So integer factoring is a discrete deconvolution? I wonder if juxtaposing the FFT representation (inverse pointwise multiplication) and the tableax (regular long multiplication / carry add) could break the symmetry and get enough information for a fast algorithm?


Sure, the naive method of multiplying polynomials is slow in the degree of the polynomial. But when does one have to deal with two degree 100 polynomials?

My impression is that this sort of method isn't used by computer algebra system for this reason.


Computer algebra systems (such as chebfun in Matlab) convert arbitrary functions to 100-degree+ polynomials to make it easier to find roots, optima, etc.


Extremely common in error correction and signal processing.

https://www.youtube.com/watch?v=CcZf_7Fb4Us

https://en.wikipedia.org/wiki/Reed%E2%80%93Solomon_error_cor... is one example.


When I wanted to reverse engineer some CRC checksum parameters for larger files, I made a program[1] that converts the files into some million degree GF(2) polynomials and calculates their GCD, which is only possible in reasonable time with FFT-based multiplication.

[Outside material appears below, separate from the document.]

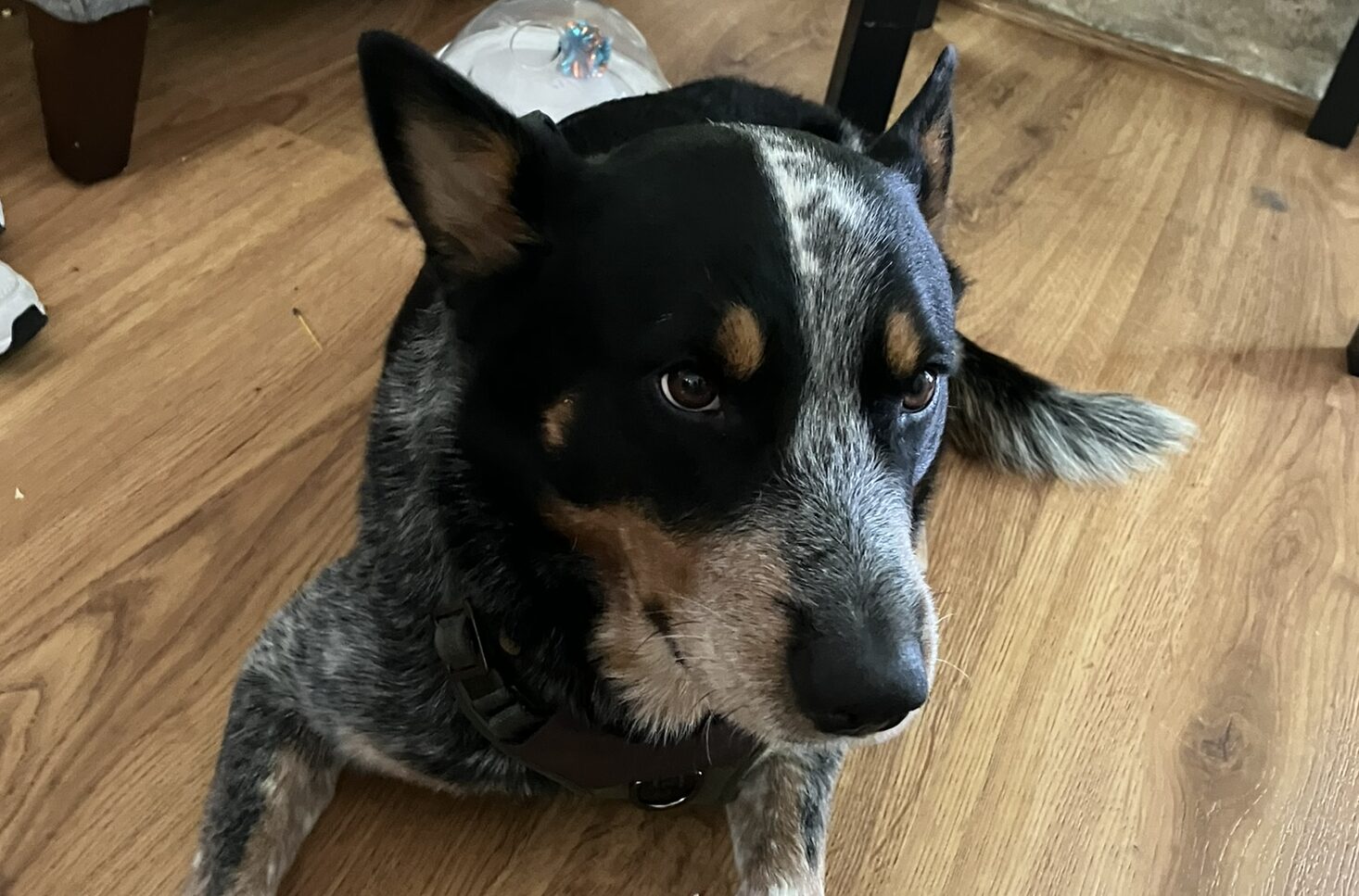 Miles Home to Home Animal Adoption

[1]: https://github.com/8051enthusiast/delsum


This convolutional view and fast GPU kernels for FFT were used in some pre-Mamba state space models for long sequence modeling where the polynomial is the input sequence. The Hazy Research blog posts from 2020-2023 have a lot of information on this approach.

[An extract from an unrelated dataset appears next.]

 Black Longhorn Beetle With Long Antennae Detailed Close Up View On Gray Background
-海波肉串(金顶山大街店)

See https://news.ycombinator.com/item?id=40306339

"(...) or my physics research I have worked with expressions that was just shy of a terabyte long and had > 100M terms"

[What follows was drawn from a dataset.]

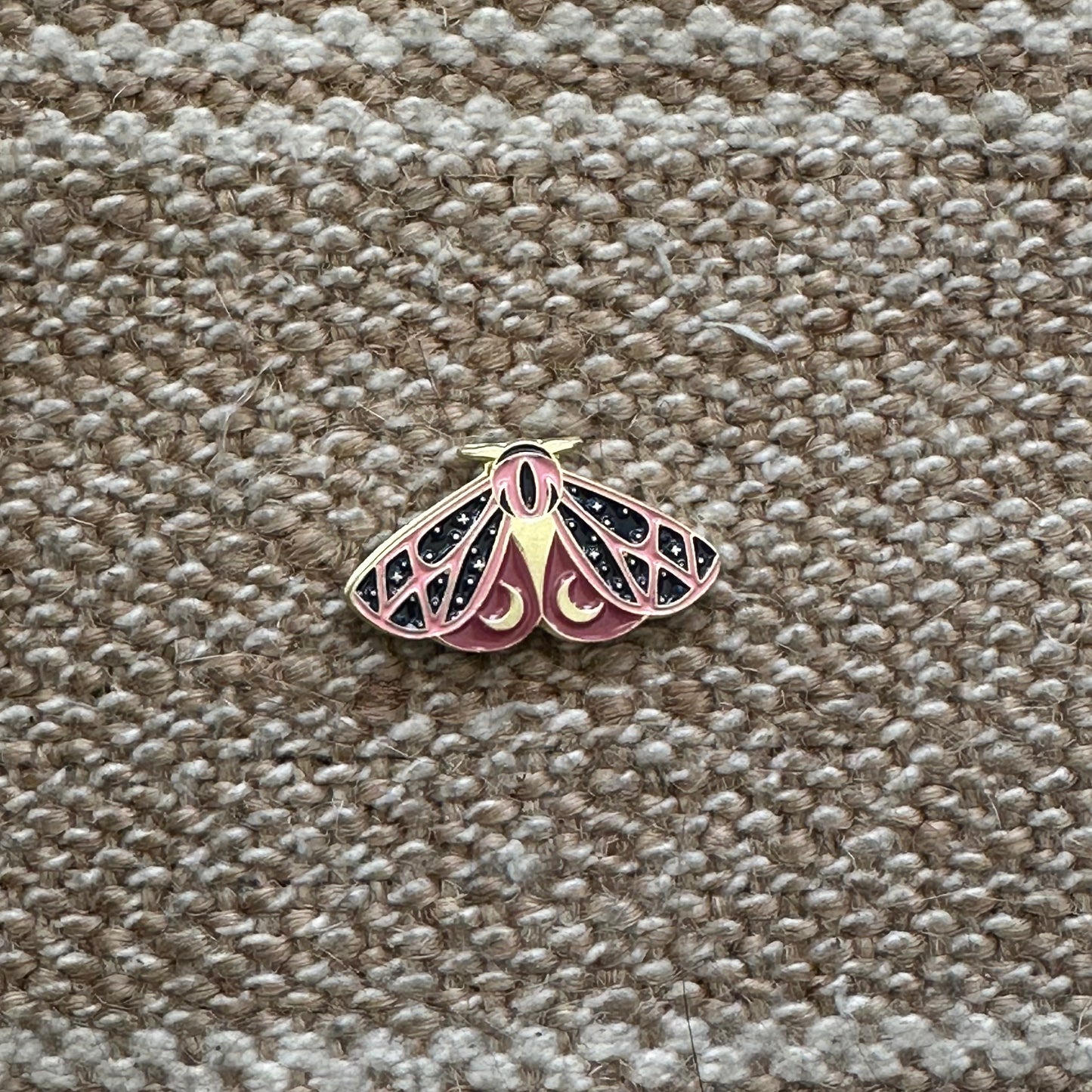 Moths!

Now do 1000. That’s kind of the whole point. Quadratic works fine until it sneaks up on you.


Zero-knowledge cryptography frequently deals with polynomials of degree 2^20 - 2^27.


I'd like the article even more if it used numpy.convolve in the benchmark.

comparing pure python and numpy fft feels not right to me.

the result will be similar, sure, but the effect might then only show for much larger inputs.


Great feedback. I have updated the post using convolve instead. There is a huge difference convolve/naive. On the other hand, convolved is slower than the FFT as expected, but for greater than 3000 degree polynomials or so. See diff: https://github.com/alrevuelta/myblog/commit/9fcc3dc84b1d9b66...


Another FFT trick applies well here: the middle vector multiplication can be folded into the last stage of the FFT and first stage of the IFFT. This saves writing these two stages out two stages to memory.


Funny feeling: Looking at the title I felt a bit puzzled. Then scrolling the article the concepts and their (well known) connections came back to me.


Good article, but I think the multiply_naive should've used numpy instead for a more fair benchmark comparison.